# 2004 Cripple Creek Cat Tourney schedule



## Corey (Apr 5, 2004)

2004 Cripple Creek Catfish Tourneys. Registration begins at 4:00 PM on the day of the event. Weigh-ins will start at 7:00AM sharp. Be in line at the scales no later than 7:30 AM or be disqualified. Main tournament is Channel Catfish only with a 3 fish limit. Only one fish will be weighed per contestant in the Flathead category. Entry fees are still $10 per entry for the main tournament, $5 per entry for the Flathead category, and $1 each for "Big Fish" (Channels only) and "Odd Fish". Kids under 12 years of age $5 with proof of age. Without proof of age they will have to compete against the adults.
April 24
May 22
June 12
July 24
August 21
September 25
October 16


----------



## JUSTCRAZY (Apr 6, 2004)

Would Gator and dad qualify as ODD FISH this year???? PLEASE! PLEASE!

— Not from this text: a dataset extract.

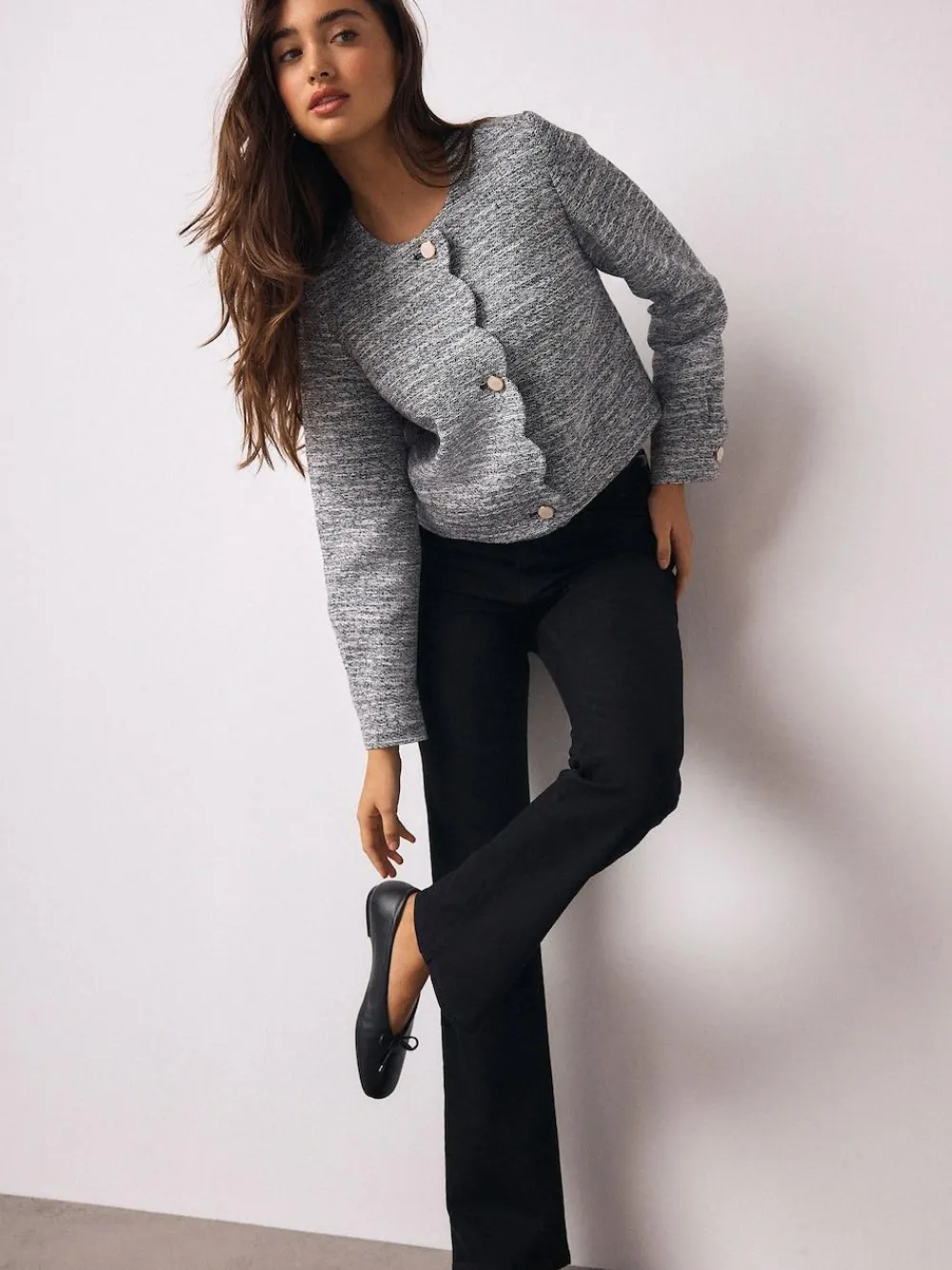 Next Mid Rise Stretch Bootcut Jeans^Women Jeans|Jeans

With that combined weight I am sure to kick everyones tail. That is provided I can get them to wiegh-in in good enough shape


----------



## Corey (Apr 5, 2004)

The key word is that they must be RELEASABLE....well, I guess you'd want to release either one of them even if they were dead. Nope, they'd be disqualified because of Section B, subsection 36-C of the too-ugly-to-weigh clause.


----------



## JUSTCRAZY (Apr 6, 2004)

I see your point now, but no matter what the rules say they are still both ODD-fish.


----------



## Corey (Apr 5, 2004)

Very odd.................


----------



## catfishcraig (Apr 7, 2004)

Hey Corey we need to move this tournament up my way. That way i got a chance to win lol. Its to far for me to drive down there then drive back here then transport these big fish to be weighed and hard enough to keep them alive. The bad thing would be then releasing them in the water down there and taking them out of my honey hole. Ill be down there this year to donate my money  Cause i dont do good down there for some reason.

CatfishCraig


----------



## Ducknut (Apr 23, 2004)

With Justcrazy's inferior intellect, he looks and acts like a twelve year old. Is that proof enough for the kids catagory? Maybe he can win for once....


----------



## katfish (Apr 7, 2004)

Corey

Misfit felt mistreated last year. We really wanted Fishnasty to present Rick with the check 

We don't mind taking other peoples money but we really enjoy taking Mike's 

If you follow Fishnasty's recommendation then more mature gentlemen should recieve a handicap. Say an xtra 10 lbs for Misfit and 15 lbs for Shortdrift added onto their big fish entry?  

Don't worry

If you agree to it they will both forget before the tournamnet


----------



## Corey (Apr 5, 2004)

LMAO!!! They should stick to the "Odd Fish" pot..............cAARP


----------



## FISHNASTY (Oct 19, 2004)

I got married this year and got a promotion at work, been overwhelmed since now I'm building a house. Needless to say only got to fish a couple tournies but still weighed in big cat in one and got a 4th and a 5th I think early in the year. Anyway's I'm back online checking the fishing boards and harassing the older catfish crowd, LOL.


----------



## flathunter (Apr 5, 2004)

Glad to see you are still alive, fishnasty..I have fished hard all year and aint caught much.


----------



## Corey (Apr 5, 2004)

Welcome back Mike! BEHAVE YOURSELF!!!


----------



## FISHNASTY (Oct 19, 2004)

I've been doing some fishing in the river lately for them toothy things you fish for Corey, and it's been kinda fun. Waders and some rapala's on the rocks, I had no idea it was so enjoyable. Course I still fish at night with a beer, but that goes without saying


----------



## ShakeDown (Apr 5, 2004)

Good to see you're still alive and kickin FN


----------



## catking (Apr 5, 2004)

The 'Nasty one is back  .Glad to see you on line again. THE CATKING !!!


----------



## rockbass (Apr 16, 2004)

Welcome back! 

yeah you beat mine out for big fish and placed 4th behind me that tourney. I know I know, it will never happen again. not only me placing, but nudging you out a little!  take care!


----------